There is plenty to ponder in 'Frontline's' papal expose, but conclusions are
left to the viewer. Reaching those conclusions, like watching the program
itself, requires both concentration and deep thinking."
"This profile has loads of interesting tidbits: The Pope was an excellent
soccer goalie, poet, and director of plays; his traditional view of women may
be related to losing his mother at age 8; he believes the Virgin Mary saved him
from an assassin. Missing, though, is an examination of the controversial
decision to pick the first non-Italian pope since the 15th century."
"This often revelatory 'Frontline' portrait of Pope John Paul II, produced by
Helen Whitney, reveals, as well, the world-view of its makers, their
disappointment or frustration that this pope who, in the beginning, 'did seem a
pope for our time...would soon emerge as a man standing against time.' Thus,
while the film is largely respectful of or laudatory about his stands on the
Jews, against Soviet communism and against the death penalty, it finds no
defenders of the pontiff's firm stands against, for example, Marxist liberation
theology in Latin America and an opening of the priesthood to women, dismissing
him instead as parochial, stubborn and naive.
Still, it probes far deeper than the usual TV profile..."
"PBS' 'Frontline' presents a brilliant journey through the 20th century to
engage the mind and touch the soul.
It's the journey of 'John Paul II: The Millennial Pope.' And it is a
fascinating and provocative exploration of the forces that shaped his character
In the end, 'Frontline's' unique and introspective portrait offers powerful
insights, indeed, on his vision of the church and his own papacy."
"One of television's treasures, PBS's 'Frontline' begins its new season tonight
with a stunning profile of Pope John Paul II, the 'modern man' pope who has
been fighting modernity almost nonstop since his election in 1978.
It is the kind of thought-provoking production that beams almost routinely out
of the 'Frontline' offices at Boston's WGBH-TV and is ipso facto refutation to
those who smugly insist that TV is a waste of time.
John Paul himself, this program demonstrates, has spent his time trying to
shake humanity from the smug torpor of the 20th century, which he characterizes
as the most evil in history.

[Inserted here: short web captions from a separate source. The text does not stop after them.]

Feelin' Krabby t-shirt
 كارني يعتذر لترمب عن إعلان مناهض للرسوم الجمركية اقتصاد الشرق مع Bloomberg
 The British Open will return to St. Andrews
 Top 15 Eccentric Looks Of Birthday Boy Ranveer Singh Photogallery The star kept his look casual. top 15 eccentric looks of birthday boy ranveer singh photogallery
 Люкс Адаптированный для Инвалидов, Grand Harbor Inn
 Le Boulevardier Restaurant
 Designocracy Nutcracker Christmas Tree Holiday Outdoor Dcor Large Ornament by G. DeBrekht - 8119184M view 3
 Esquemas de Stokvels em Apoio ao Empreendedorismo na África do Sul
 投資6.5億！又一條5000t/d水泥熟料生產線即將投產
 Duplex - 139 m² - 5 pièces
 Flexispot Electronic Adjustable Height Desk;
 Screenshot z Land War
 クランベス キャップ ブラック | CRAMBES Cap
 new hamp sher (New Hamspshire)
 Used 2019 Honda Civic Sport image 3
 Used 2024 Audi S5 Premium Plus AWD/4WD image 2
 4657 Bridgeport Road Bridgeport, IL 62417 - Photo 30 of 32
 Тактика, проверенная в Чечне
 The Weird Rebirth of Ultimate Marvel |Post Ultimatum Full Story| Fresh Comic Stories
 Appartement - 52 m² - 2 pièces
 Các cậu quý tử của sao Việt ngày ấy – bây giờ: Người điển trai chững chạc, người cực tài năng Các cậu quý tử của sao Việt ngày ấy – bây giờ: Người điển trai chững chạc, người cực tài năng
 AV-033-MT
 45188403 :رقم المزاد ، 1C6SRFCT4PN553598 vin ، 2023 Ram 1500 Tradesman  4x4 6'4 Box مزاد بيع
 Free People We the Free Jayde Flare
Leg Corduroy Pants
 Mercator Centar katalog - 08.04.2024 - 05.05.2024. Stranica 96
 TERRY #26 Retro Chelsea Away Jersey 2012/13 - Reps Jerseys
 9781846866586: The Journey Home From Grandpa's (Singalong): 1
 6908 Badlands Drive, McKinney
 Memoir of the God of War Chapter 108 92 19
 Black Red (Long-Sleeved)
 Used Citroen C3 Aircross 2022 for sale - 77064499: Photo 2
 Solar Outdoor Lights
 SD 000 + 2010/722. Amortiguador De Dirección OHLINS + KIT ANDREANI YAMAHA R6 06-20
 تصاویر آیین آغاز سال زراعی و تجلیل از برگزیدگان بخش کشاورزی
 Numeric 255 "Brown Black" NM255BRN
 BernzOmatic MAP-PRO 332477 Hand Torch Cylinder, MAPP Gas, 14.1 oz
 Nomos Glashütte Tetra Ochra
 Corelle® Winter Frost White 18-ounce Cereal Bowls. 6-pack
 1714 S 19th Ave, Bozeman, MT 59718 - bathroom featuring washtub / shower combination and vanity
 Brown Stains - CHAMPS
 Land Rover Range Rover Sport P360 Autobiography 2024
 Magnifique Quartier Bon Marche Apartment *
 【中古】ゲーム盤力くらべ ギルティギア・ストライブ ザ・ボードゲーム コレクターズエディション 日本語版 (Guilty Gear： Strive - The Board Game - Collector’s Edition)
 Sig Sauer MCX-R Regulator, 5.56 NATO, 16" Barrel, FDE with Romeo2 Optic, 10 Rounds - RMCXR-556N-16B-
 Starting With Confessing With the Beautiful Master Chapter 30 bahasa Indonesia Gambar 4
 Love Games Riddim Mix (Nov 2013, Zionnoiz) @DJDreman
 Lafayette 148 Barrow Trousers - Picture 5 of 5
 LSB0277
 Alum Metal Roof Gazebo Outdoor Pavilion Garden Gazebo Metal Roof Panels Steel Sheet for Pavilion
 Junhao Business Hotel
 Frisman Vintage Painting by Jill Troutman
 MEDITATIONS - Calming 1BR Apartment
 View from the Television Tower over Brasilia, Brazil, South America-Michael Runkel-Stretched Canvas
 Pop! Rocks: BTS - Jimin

He has undertaken a difficult challenge, but,
then, he could not choose his playing field...
Like so many PBS specials, this two and a half hour 'Frontline' beginning at 9
PM, also runs nearly into Letterman-Leno time, when many people who might be
provoked into reflection are instead turning off their lights and their brains
in anticipation of the coming workday. It will be their loss."